Diksi “bagimu capresmu dan bagiku capresku” yang diungkapkan Ma’ruf memang mengadopsi dari bahasa Alquran, “lakum diinukum waliya diini” (bagimu agamamu dan bagiku agamaku). Sulit untuk tidak mengatakan bahwa Pilpres 2019 sarat narasi-narasi keagamaan dan bahkan kerap dimanfaatkan untuk kepentingan-kepentingan politik tertentu.
Pilihan politik seolah menjadi ‘sakral’ tak ubahnya kepercayaan terhadap agama, bahkan maraknya entitas bahasa agama yang masuk ke dalam ruang-ruang publik-politik seolah menjadi semacam perjuangan agama itu sendiri.

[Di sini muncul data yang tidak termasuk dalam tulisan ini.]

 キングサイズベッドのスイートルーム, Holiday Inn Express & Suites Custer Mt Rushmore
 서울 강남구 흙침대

Politik yang bernilai profan lalu diubah menjadi bergaya ‘profetik’ seolah mereka yang menyebarkan keunggulan setiap kandidatnya menjadi nabi-nabi politik bagi umatnya.
Pasangan capres-cawapres nomor urut 01 Joko Widodo (kiri) dan Ma’ruf Amin bersiap mengikuti Debat Pertama Capres & Cawapres 2019, di Hotel Bidakara. (Foto: Antara/Sigid Kurniawan)

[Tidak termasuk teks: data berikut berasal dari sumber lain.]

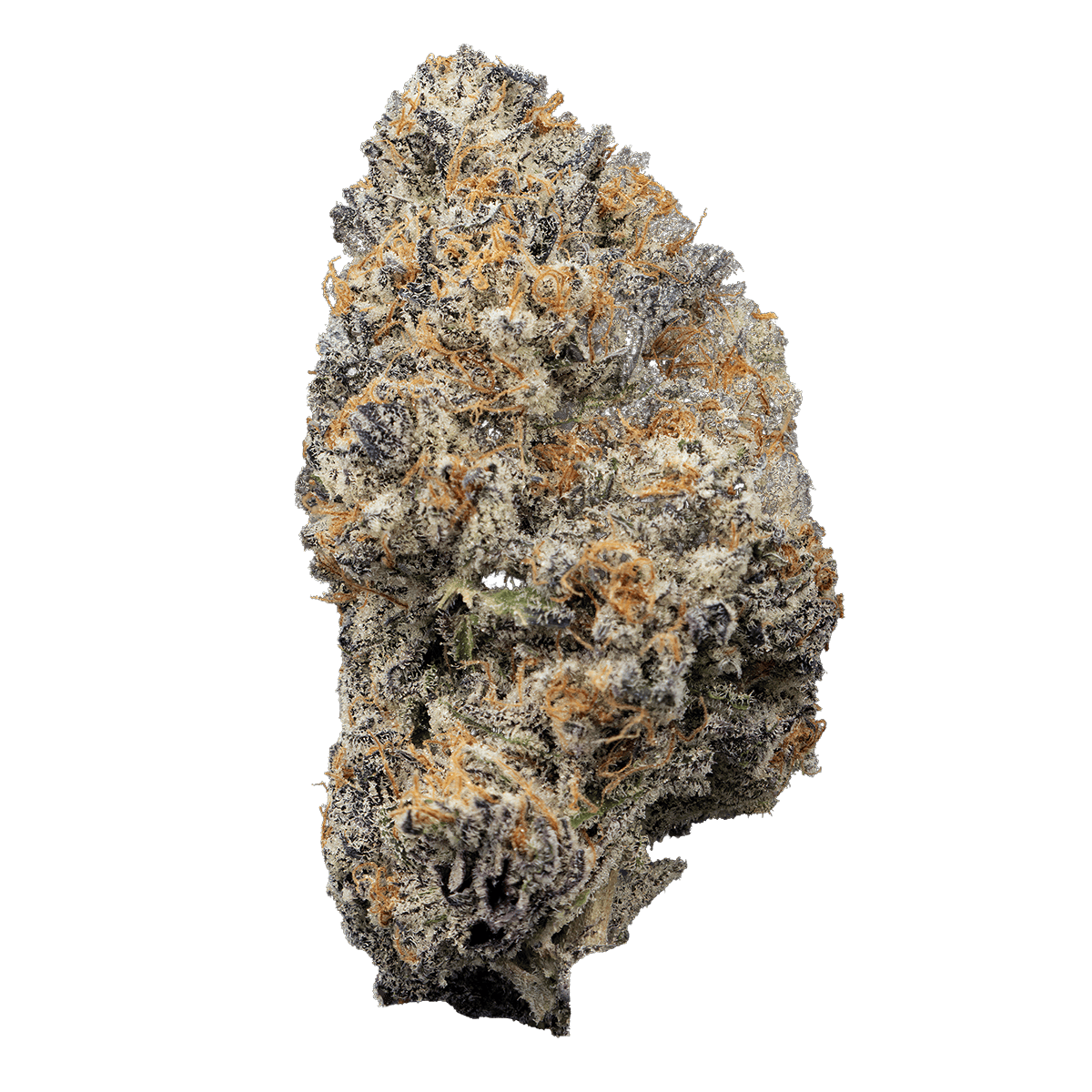 Tales From the Krypt | Big Buds | 3.5g by Grown Rogue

Banyak sekali ungkapan atau meme yang disebarkan dengan mengolah diksi keagamaan untuk hal-hal terkait politik pencapresan. Sebut saja, misalnya, ada meme dengan mengusung gaya jihadis dengan latar seorang ustaz dengan tulisan, “Menggunakan Islam untuk kepentingan politik itu haram, menggunakan kekuatan politik untuk tegakkan Islam itu wajib”.
Ini disebarkan dalam konteks suksesi politik nasional, di mana seolah-olah ketika kekuatan politik itu dipergunakan untuk menegakkan agama itu diwajibkan. Padahal, Islam sendiri dapat tegak karena umatnya salat dan akan runtuh seluruh tiang-tiang penyangga agamanya karena banyak umat muslim sendiri meninggalkan salat. Islam tegak karena salat bukan karena kekuatan politik!
Diksi-diksi keagamaan memang telah jauh masuk ke dalam ruang-ruang politik, bahkan telah sedemikian marak mencemari cara beragama dan berpikir setiap orang terhadap kenyataan politik.
Bagaimana tidak, pilihan politik seolah menjadi agama itu sendiri lalu dikupas sedemikian rupa melalui ceramah-ceramah keagamaan dengan menyampaikan pesan-pesan tertentu yang dimanipulasi secara politik.
Simbol keulamaan yang melekat pada seseorang sebagai penyedia kebutuhan rohani umat, seolah berubah menjadi simbol pemecah-belah yang sedemikian parah, ketika diksi-diksi keagamaan yang dipoles digunakan sedemikian rupa untuk mempertegas pilihan politiknya kepada salah satu kandidat.
Saya sendiri sangat menyayangkan ketika Ma’ruf Amin kerap kali menggunakan diksi keagamaan ketika menyampaikan pidato politiknya. Bukan apa-apa, label keulamaan semestinya tetap melekat pada dirinya sebagai sosok pengisi rohani umat yang membutuhkan, tidak lantas luntur atau hilang karena dirinya saat ini tengah menjadi salah satu kandidat politik.
Capres nomor urut 02 Prabowo Subianto (kiri) dipijat pasangan cawapresnya Sandiaga Uno saat jeda Debat Pertama Capres & Cawapres 2019. (Foto: Antara/Sigid Kurniawan)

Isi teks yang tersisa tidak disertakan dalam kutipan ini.